Вдруг натыкаешься на них в воздухе – задеваешь локтем нечаянно – и пугаешься сразу, потому что думаешь: твоё это или чужое? А если чужое – то правда ли всё это, надуманное, не может же человек быть таким.

Чужие мысли были намёком, мороком – и намёк этот совсем не хотелось распутывать из клубка упругих сгустков, тычущегося в твоё плечо.


Когда оказываешься в автобусе, набитом чужими, чужие мысли лезут под руку каждую минуту.
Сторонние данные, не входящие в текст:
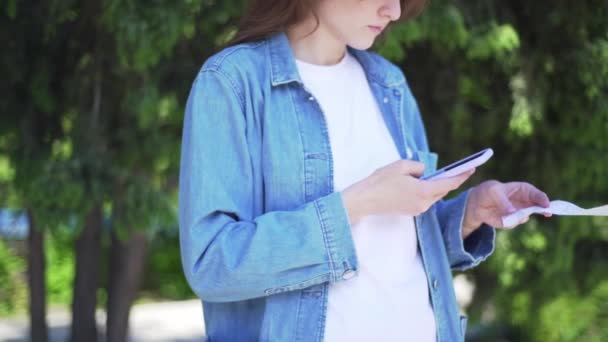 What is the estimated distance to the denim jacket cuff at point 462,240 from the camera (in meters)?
2.05

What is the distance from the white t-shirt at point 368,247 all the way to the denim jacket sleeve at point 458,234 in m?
0.19

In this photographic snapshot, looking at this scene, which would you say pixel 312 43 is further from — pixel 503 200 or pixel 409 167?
pixel 503 200

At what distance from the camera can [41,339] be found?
4.80 meters

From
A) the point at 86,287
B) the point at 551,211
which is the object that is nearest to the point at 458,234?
the point at 551,211

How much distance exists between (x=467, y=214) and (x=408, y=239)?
240 millimetres

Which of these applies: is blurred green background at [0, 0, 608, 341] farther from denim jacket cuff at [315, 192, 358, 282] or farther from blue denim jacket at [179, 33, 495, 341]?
denim jacket cuff at [315, 192, 358, 282]

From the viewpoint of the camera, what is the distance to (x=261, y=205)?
5.75 feet

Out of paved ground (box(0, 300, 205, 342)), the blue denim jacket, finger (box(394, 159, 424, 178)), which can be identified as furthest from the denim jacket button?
paved ground (box(0, 300, 205, 342))

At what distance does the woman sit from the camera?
5.45 feet

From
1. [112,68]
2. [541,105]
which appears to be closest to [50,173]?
[112,68]

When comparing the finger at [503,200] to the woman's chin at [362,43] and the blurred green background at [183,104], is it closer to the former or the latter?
the woman's chin at [362,43]

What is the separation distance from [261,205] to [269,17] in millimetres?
407

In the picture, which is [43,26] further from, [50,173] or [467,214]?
[467,214]

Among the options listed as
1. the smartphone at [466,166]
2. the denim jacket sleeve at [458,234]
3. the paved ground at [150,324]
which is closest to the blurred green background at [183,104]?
the denim jacket sleeve at [458,234] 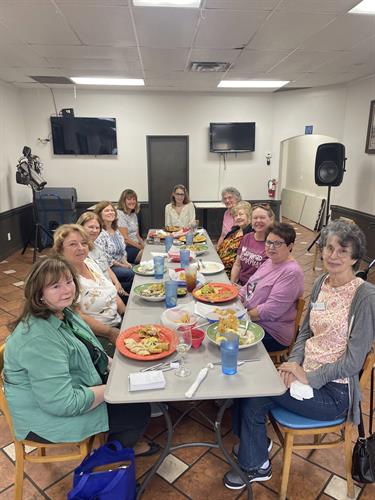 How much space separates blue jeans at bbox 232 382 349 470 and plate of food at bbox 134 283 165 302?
0.71 m

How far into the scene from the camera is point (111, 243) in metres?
3.21

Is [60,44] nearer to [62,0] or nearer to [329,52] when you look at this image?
[62,0]

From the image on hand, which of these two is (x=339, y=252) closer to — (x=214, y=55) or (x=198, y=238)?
(x=198, y=238)

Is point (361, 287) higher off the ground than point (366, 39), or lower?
lower

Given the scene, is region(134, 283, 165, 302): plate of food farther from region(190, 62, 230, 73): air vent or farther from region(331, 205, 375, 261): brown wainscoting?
region(331, 205, 375, 261): brown wainscoting

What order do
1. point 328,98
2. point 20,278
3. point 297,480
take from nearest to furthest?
point 297,480 < point 20,278 < point 328,98

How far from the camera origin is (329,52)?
3973 millimetres

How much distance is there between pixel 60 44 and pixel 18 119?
2946mm

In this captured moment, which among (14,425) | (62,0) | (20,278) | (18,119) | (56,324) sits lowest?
(20,278)

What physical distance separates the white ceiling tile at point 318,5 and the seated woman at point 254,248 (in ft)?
5.17

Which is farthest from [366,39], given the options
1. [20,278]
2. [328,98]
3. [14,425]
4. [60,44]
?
[20,278]

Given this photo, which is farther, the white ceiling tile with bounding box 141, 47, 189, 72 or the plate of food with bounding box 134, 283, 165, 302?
the white ceiling tile with bounding box 141, 47, 189, 72

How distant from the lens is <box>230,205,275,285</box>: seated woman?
255 centimetres

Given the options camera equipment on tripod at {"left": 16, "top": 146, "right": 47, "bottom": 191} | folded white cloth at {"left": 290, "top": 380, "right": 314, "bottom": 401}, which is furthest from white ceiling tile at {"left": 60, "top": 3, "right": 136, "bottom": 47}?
folded white cloth at {"left": 290, "top": 380, "right": 314, "bottom": 401} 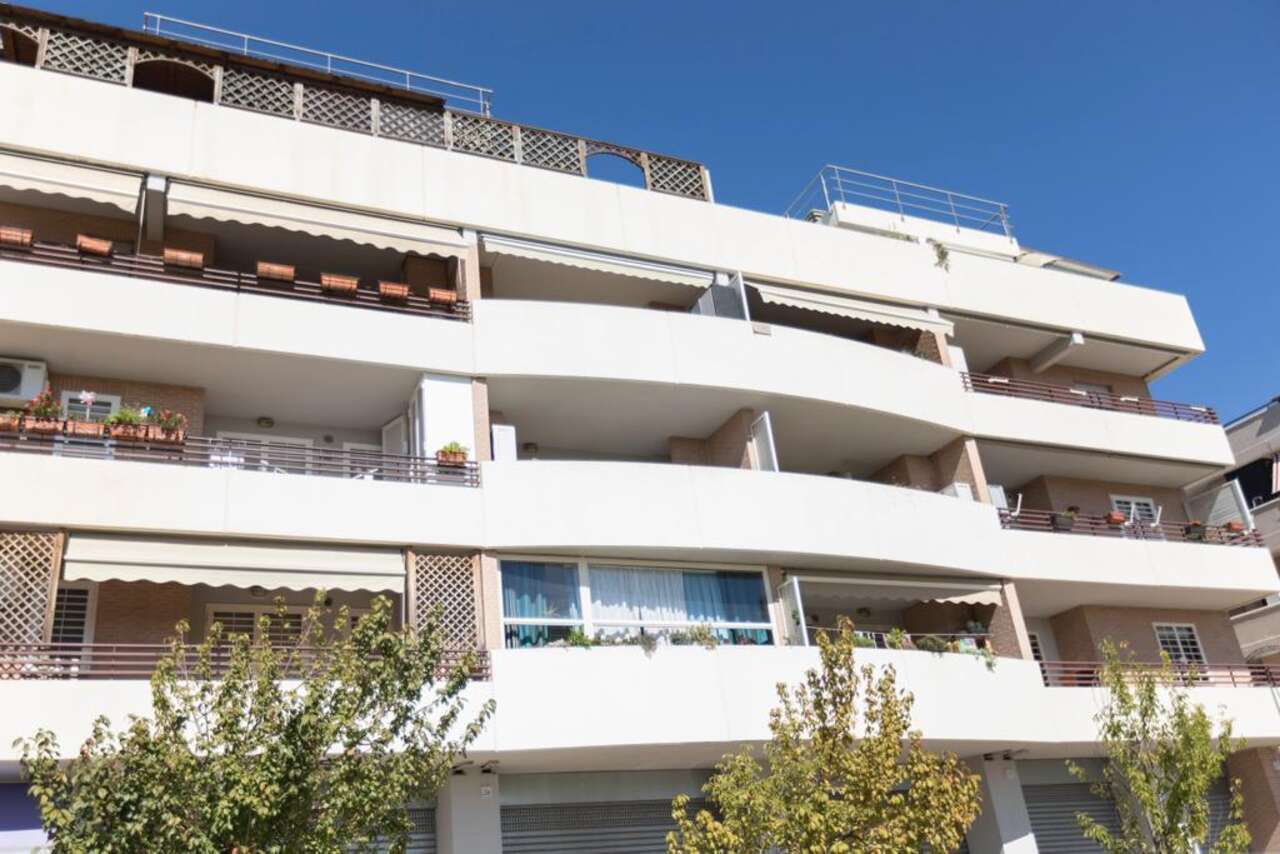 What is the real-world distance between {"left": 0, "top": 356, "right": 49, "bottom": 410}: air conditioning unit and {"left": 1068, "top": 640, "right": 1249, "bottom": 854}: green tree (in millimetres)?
18245

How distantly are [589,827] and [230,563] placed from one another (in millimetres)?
7025

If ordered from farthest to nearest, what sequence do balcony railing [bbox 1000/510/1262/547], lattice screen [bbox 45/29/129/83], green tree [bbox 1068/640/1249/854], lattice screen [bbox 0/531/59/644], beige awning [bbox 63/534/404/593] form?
balcony railing [bbox 1000/510/1262/547] → lattice screen [bbox 45/29/129/83] → green tree [bbox 1068/640/1249/854] → beige awning [bbox 63/534/404/593] → lattice screen [bbox 0/531/59/644]

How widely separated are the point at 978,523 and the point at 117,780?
1744 centimetres

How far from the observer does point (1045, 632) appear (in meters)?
26.4

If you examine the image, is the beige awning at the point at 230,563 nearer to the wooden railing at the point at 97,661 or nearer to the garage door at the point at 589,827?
the wooden railing at the point at 97,661

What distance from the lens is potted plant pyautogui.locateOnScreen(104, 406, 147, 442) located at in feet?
55.2

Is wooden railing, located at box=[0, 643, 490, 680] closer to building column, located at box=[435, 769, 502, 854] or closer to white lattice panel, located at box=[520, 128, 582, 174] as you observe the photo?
building column, located at box=[435, 769, 502, 854]

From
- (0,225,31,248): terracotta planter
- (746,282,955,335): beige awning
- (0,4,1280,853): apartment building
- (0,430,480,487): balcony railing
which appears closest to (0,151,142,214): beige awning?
(0,4,1280,853): apartment building

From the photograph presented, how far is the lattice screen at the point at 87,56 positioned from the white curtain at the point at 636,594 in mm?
12092

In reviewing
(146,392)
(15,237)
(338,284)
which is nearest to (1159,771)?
(338,284)

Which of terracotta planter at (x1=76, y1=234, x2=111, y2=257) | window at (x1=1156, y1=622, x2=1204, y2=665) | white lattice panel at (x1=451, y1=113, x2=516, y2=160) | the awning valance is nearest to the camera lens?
terracotta planter at (x1=76, y1=234, x2=111, y2=257)

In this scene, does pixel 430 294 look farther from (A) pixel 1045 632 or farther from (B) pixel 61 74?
(A) pixel 1045 632

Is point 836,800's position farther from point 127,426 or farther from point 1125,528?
point 1125,528

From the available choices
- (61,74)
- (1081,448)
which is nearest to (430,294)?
(61,74) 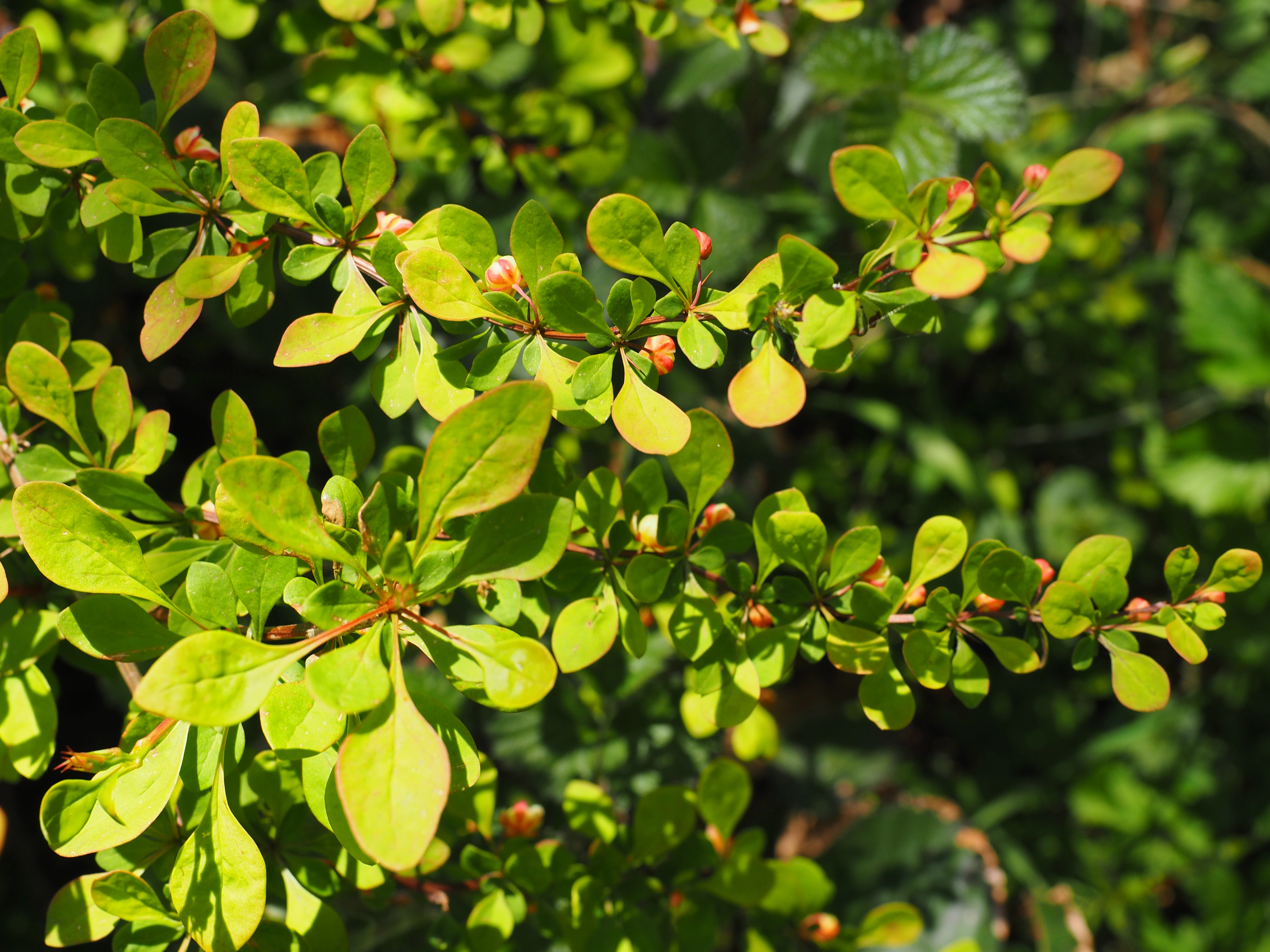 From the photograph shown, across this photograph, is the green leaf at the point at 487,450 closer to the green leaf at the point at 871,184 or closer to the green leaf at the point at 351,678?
the green leaf at the point at 351,678

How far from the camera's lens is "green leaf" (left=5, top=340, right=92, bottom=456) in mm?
625

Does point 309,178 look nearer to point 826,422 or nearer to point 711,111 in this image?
point 711,111

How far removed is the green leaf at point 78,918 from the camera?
617 millimetres

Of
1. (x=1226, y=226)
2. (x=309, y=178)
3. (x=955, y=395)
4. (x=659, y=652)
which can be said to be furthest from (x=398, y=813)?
(x=1226, y=226)

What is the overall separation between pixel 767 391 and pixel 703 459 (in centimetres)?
9

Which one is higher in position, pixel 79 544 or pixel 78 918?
pixel 79 544

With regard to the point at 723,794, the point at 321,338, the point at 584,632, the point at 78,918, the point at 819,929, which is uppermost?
the point at 321,338

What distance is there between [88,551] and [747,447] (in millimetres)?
1027

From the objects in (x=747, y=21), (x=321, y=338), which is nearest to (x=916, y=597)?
(x=321, y=338)

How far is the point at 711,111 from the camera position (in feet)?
4.20

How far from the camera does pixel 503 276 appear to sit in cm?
58

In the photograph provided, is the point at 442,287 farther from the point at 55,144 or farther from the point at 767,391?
the point at 55,144

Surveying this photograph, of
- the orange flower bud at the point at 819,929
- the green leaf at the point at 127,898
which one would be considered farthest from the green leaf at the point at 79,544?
the orange flower bud at the point at 819,929

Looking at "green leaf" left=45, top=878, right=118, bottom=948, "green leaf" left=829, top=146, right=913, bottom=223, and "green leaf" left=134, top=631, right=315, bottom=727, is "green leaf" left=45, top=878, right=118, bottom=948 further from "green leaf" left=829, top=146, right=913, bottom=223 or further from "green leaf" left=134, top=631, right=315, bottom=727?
"green leaf" left=829, top=146, right=913, bottom=223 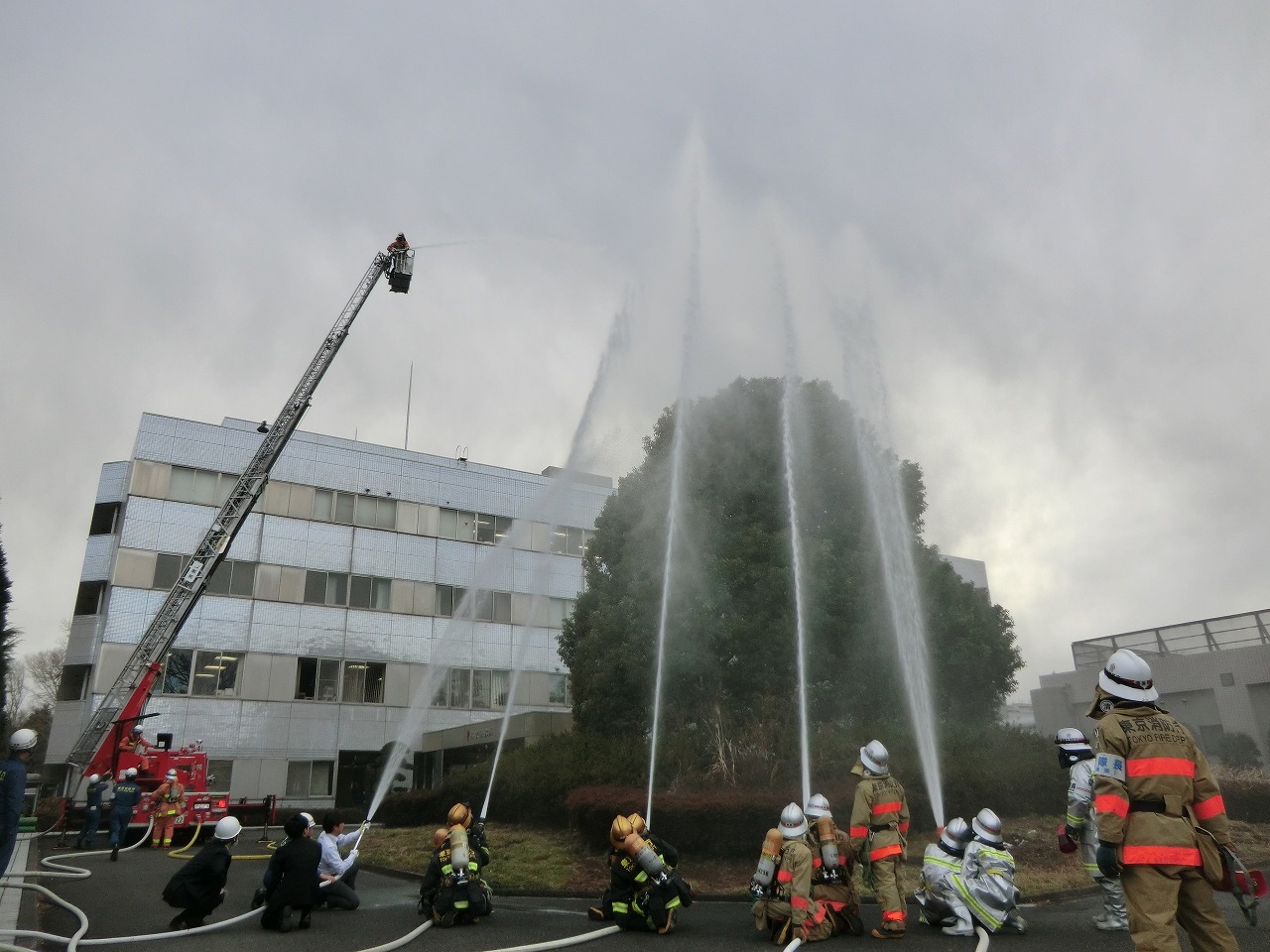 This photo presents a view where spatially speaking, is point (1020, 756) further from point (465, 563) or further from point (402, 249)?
point (465, 563)

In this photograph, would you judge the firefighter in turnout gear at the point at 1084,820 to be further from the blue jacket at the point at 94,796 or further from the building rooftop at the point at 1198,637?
the building rooftop at the point at 1198,637

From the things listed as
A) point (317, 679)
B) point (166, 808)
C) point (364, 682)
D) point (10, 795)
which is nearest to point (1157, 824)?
point (10, 795)

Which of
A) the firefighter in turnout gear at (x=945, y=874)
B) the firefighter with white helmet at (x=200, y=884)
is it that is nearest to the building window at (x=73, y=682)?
the firefighter with white helmet at (x=200, y=884)

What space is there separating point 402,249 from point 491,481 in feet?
62.1

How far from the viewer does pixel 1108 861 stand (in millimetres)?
5332

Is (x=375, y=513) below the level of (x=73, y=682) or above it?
above

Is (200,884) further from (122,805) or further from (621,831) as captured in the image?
(122,805)

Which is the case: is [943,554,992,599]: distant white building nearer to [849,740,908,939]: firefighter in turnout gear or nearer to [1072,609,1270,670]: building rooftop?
[1072,609,1270,670]: building rooftop

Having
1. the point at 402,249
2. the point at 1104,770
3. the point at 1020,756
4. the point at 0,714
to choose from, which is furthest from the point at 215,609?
the point at 1104,770

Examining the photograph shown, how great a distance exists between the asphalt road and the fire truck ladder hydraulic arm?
10.7 metres

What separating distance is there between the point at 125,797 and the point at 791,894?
56.1ft

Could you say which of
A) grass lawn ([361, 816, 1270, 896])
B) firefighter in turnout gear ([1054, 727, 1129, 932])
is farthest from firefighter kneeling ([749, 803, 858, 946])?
grass lawn ([361, 816, 1270, 896])

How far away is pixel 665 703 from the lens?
20969 millimetres

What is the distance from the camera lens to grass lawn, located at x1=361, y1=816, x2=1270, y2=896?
42.6 ft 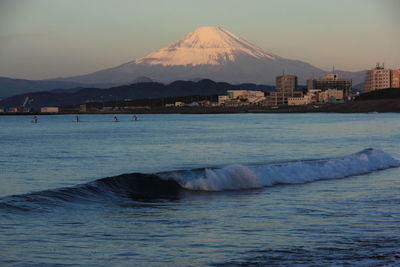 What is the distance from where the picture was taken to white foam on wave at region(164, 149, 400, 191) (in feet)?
61.8

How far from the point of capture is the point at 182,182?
18922 mm

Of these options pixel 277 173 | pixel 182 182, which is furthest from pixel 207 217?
pixel 277 173

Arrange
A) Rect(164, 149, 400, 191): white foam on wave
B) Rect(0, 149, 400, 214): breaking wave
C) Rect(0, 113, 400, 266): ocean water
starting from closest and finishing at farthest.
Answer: Rect(0, 113, 400, 266): ocean water, Rect(0, 149, 400, 214): breaking wave, Rect(164, 149, 400, 191): white foam on wave

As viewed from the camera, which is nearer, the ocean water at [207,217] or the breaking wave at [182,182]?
the ocean water at [207,217]

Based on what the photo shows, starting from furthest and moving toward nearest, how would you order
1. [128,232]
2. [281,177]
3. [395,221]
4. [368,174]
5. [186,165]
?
[186,165] → [368,174] → [281,177] → [395,221] → [128,232]

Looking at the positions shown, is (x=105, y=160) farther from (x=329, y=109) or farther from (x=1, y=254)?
(x=329, y=109)

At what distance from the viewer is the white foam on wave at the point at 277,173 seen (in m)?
18.8

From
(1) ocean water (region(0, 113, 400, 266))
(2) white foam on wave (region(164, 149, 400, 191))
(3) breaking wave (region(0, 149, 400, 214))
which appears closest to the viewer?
(1) ocean water (region(0, 113, 400, 266))

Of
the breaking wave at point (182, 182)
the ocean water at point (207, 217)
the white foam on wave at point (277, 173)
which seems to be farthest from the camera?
the white foam on wave at point (277, 173)

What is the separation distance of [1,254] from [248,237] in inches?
158

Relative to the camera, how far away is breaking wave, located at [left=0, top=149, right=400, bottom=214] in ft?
49.9

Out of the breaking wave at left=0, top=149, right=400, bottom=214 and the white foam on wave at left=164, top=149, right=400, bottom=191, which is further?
the white foam on wave at left=164, top=149, right=400, bottom=191

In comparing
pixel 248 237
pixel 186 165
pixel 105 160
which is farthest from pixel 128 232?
pixel 105 160

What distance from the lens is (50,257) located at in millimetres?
9281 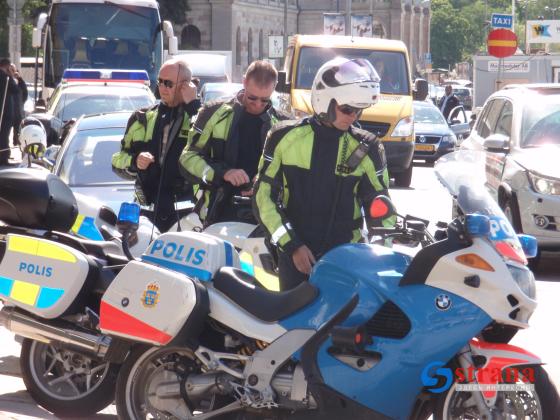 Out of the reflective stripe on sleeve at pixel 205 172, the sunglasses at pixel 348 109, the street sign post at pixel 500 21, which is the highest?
the street sign post at pixel 500 21

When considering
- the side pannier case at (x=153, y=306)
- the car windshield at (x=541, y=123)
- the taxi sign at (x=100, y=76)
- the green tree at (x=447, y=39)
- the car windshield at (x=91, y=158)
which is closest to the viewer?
the side pannier case at (x=153, y=306)

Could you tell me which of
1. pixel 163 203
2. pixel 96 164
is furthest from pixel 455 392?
pixel 96 164

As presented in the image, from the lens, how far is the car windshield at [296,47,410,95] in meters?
22.0

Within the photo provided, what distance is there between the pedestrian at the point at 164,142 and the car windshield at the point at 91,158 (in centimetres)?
177

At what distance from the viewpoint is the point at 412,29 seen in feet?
415

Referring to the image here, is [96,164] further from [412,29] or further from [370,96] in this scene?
[412,29]

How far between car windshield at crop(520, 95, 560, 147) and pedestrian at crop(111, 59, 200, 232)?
534 cm

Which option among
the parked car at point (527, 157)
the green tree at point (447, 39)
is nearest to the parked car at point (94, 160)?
the parked car at point (527, 157)

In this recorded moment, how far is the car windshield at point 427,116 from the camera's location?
2844cm

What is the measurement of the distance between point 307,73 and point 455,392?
17105 mm

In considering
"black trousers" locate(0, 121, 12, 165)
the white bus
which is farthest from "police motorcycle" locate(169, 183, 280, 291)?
the white bus

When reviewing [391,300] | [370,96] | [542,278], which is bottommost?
[542,278]

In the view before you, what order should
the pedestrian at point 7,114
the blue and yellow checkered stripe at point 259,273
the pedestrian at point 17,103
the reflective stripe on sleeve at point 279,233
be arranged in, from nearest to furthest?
the reflective stripe on sleeve at point 279,233, the blue and yellow checkered stripe at point 259,273, the pedestrian at point 7,114, the pedestrian at point 17,103

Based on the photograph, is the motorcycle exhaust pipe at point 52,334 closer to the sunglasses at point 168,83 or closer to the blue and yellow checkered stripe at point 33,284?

Он представил, как дотронулся пальцами до мыслей девочки, сказавшей «Исусик», как наклонился, чтоб не скользнуть виском по мыслям мальчика, сидящего прямо за водителем.

Только мысли брата он не хотел знать.

Совсем.

Когда они плыли мимо него, он отворачивался и становился глухим. Ему не хотелось расшифровывать их витиеватые закорючки – наверное, потому что где-то глубоко в себе он знал всё, что тот может подумать. И убеждаться было неприятно.

Поэтому он стряхивал их, как назойливую мушку, щекочущую кожу, с руки – лучше уж думать про «Исусика», про то, что они думают «ничего себе, вот так шрам – гадость какая», «интересно, чего там у него?», чем про брата.


Большие кубы городских домов на утреннем солнце сначала утопли в сиреневом, заострив углы до невозможности, потом окрасились в охрянооранжевый, будто сливочная помадка, чтобы вкатиться в летний полдень выбеленными солнцем кубиками рафинада.


– А ещё жил однажды человек – ну пусть его звали Вилка, потому что волосы у него стояли как зубцы у вилки, – начал вдруг Исусик, наклонившись к пигалице. – И каждый раз, когда приближалась гроза, или надвигалась жара, или подкрадывались к городу тучи с отборным, с куриное яйцо, градом, – он засыпал.

Сначала ему казалось, что в глаза кто-то насыпал песку, потом тяжелели руки и ноги, спина наливалась сном, становясь будто панцирь старой черепахи, а потом мир скрывался за кулисами грузных век.


Однажды Вилка заснул прямо на лавочке около Метеорологического дома – просто упал на скамейку и уснул. А через час пришла гроза.

«Смотрите, – сказал Старший Метеоролог, – он может предсказывать сном грозу». «Слушайте, – сказал Средний Метеоролог, – давайте его возьмем к нам». «Точно, – подхватил Младший Метеоролог, – и у нас будут самые точные прогнозы». «Почему бы и нет», – пробормотал Вилка, проснувшись.

Его поселили в большой башне над городом: справа виднелись дремучие леса с вековыми дубами, слева – овсяные поля и черешневые сады, сзади убегала вдаль река, а спереди, если присмотреться, можно было на горизонте рассмотреть дымчатые горы.

Вилку кормили до отвала, когда хотелось, он гулял в задумчивости по саду, устроенному на крыше дома, а когда уставал, ложился на огромную удобную кровать.


Он говорил тихо, а пигалица слушала – не смеясь и не говоря ни слова. Она слушала, замерев, но он вдруг закончил так же неожиданно, как и начал – откинулся на спинку сиденья и замолчал.


По дороге между бесконечных лесов и полей, убегающих вдаль лиловыми полосками цветущего иван-чая, он думал про то, что вот так же едет всю жизнь. Куда-то там. Все думают, что его автобус вот-вот перевернётся на скользкой дороге – только не знают они, что его дорога, может быть, даже не такая скользкая, как у них самих. Им кажется, они всё знают о дорогах и могут заранее сказать, когда приедут в пункт назначения. А этого ведь не знает никто и его автобус может приехать целым и невредимым – а их перевернуться, проломив крышу, разметав всех внутри как тряпочных игрушечных человечков.

Им кажется, что мысль о хлипкости его автобуса, о скользкости его пути, делает его более уязвимым по сравнению с ними. А на самом-то деле ведь всё наоборот.


Ещё он думал – на стоянке, когда все бросились в лес, проталкиваясь сквозь заросли орешника к каменному общественному туалету – что вот было бы здорово убежать сейчас. Просто выйти из автобуса, сделать вид, что он тоже – туда – а потом просто идти и идти по лесу, выйти, может быть, на шоссе, и пройти до первой деревеньки, до первого маленького городка. Чтоб попробовать остаться одному – без сторожей, без нянек, без медсестёр – и посмотреть, чего же ты стоишь по-настоящему. Конечно же, фонарик надо будет взять с собой.